(TASK BRIEF):
I need the lines below from the one with "KinsaleBikes's tweet photo." down to the one with "155A - Beswick" reproduced exactly, both ends included, and nothing else.
[THE INPUT Boundary: Start]
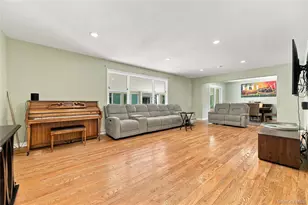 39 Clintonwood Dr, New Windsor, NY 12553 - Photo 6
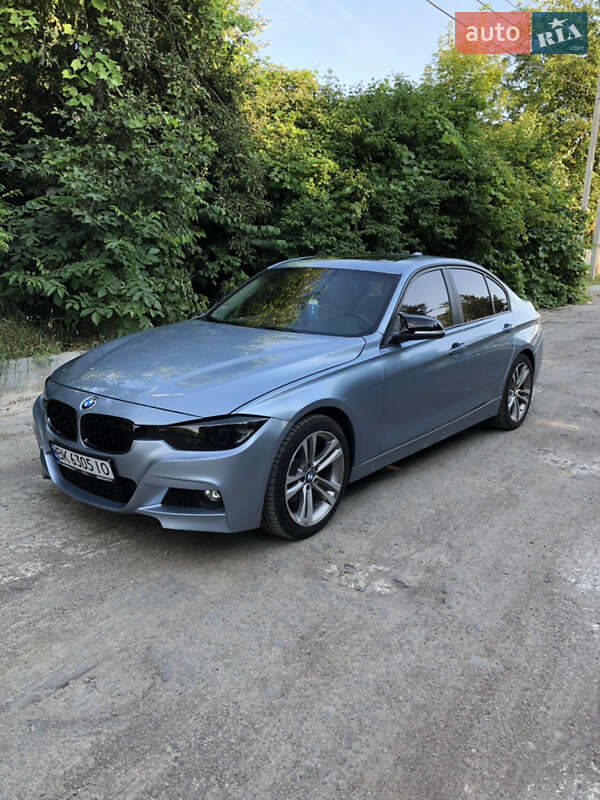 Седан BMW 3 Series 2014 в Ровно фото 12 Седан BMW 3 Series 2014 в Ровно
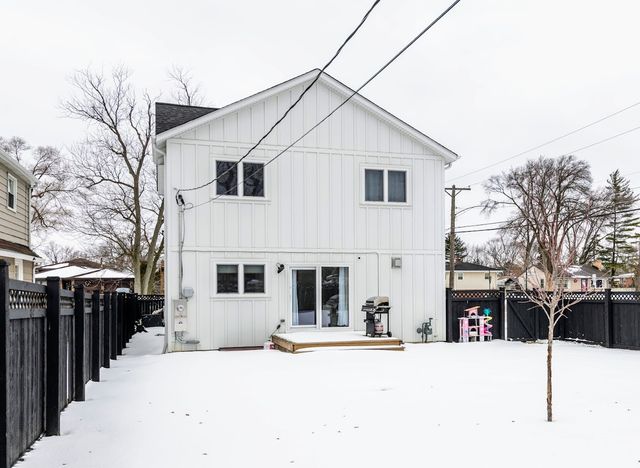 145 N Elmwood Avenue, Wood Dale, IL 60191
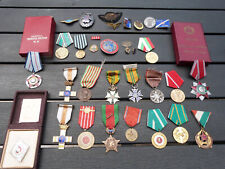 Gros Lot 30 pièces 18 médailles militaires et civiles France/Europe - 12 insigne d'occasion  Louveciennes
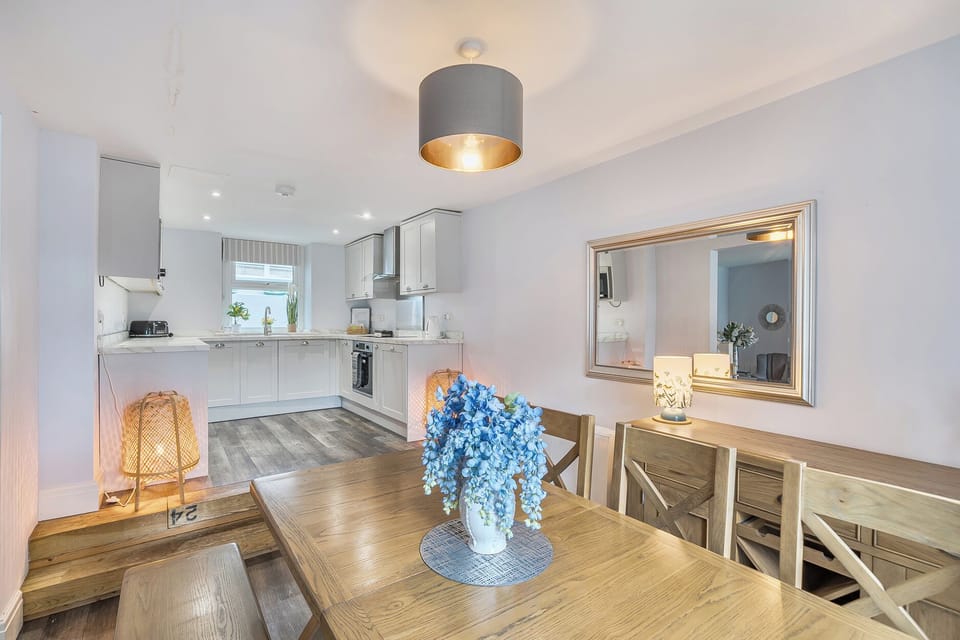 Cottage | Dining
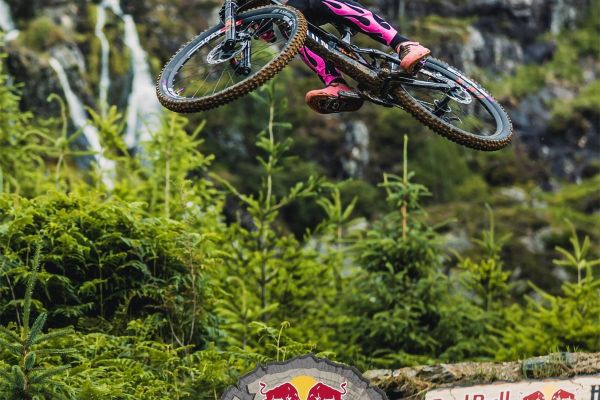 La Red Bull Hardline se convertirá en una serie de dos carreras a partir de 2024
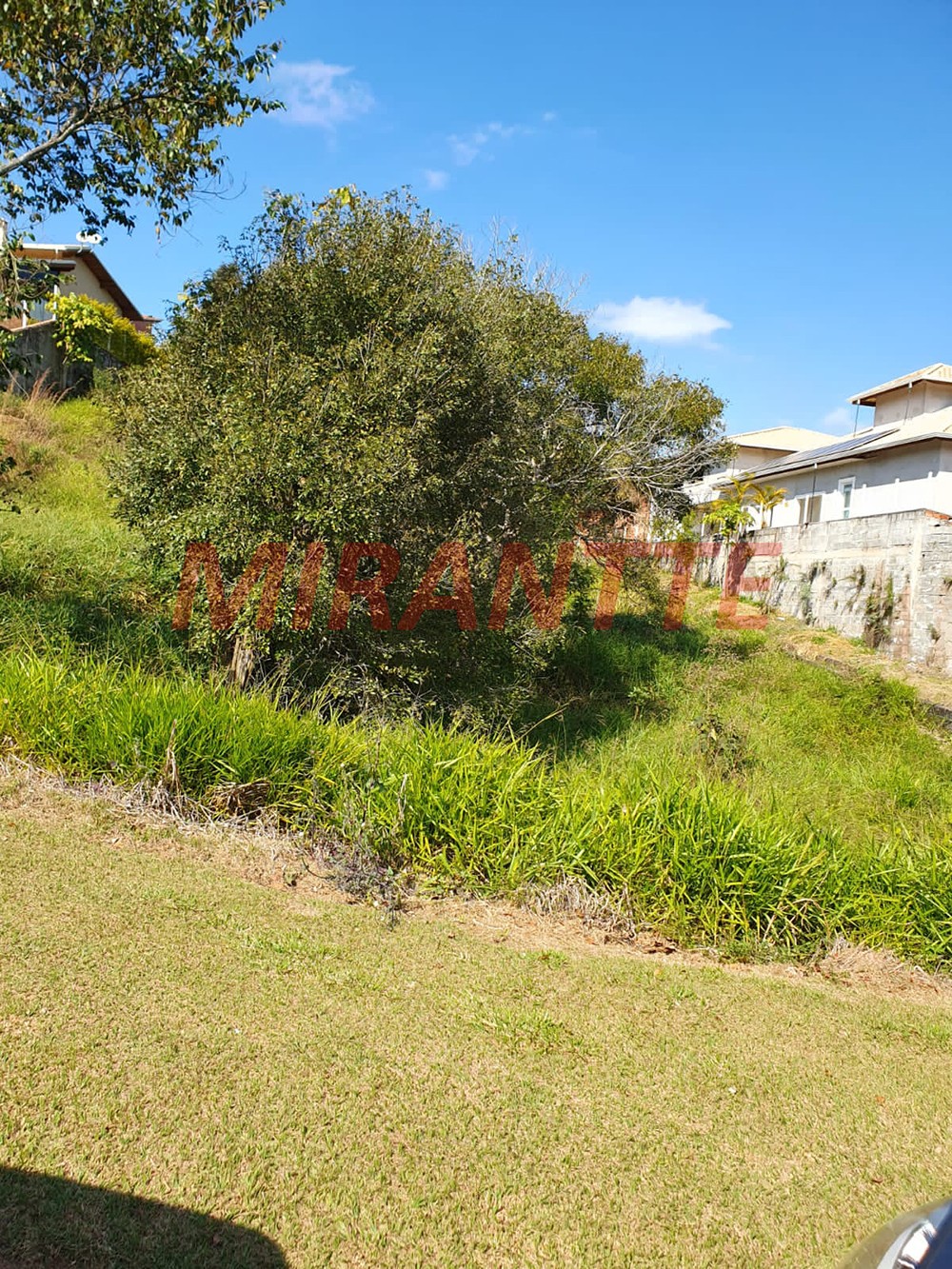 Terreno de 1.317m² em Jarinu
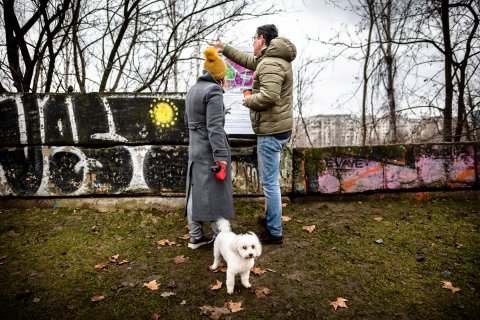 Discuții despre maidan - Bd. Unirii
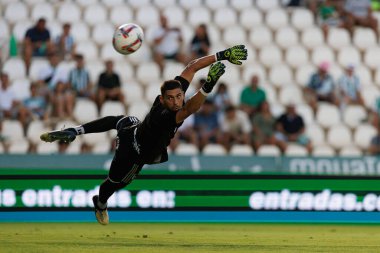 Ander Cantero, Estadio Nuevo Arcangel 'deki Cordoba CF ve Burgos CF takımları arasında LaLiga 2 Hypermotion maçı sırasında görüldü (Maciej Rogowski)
[THE INPUT Boundary: End]
[THE INPUT Boundary: Start]
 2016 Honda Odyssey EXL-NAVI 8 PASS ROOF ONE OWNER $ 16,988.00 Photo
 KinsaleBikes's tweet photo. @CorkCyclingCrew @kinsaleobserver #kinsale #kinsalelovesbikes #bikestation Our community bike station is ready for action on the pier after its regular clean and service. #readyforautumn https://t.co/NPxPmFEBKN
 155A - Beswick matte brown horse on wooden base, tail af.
[THE INPUT Boundary: End]
[THE INPUT Boundary: Start]
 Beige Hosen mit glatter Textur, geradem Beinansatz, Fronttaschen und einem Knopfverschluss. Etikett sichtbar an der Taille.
[THE INPUT Boundary: End]
(TASK RESPONSE):
 KinsaleBikes's tweet photo. @CorkCyclingCrew @kinsaleobserver #kinsale #kinsalelovesbikes #bikestation Our community bike station is ready for action on the pier after its regular clean and service. #readyforautumn https://t.co/NPxPmFEBKN
 155A - Beswick matte brown horse on wooden base, tail af.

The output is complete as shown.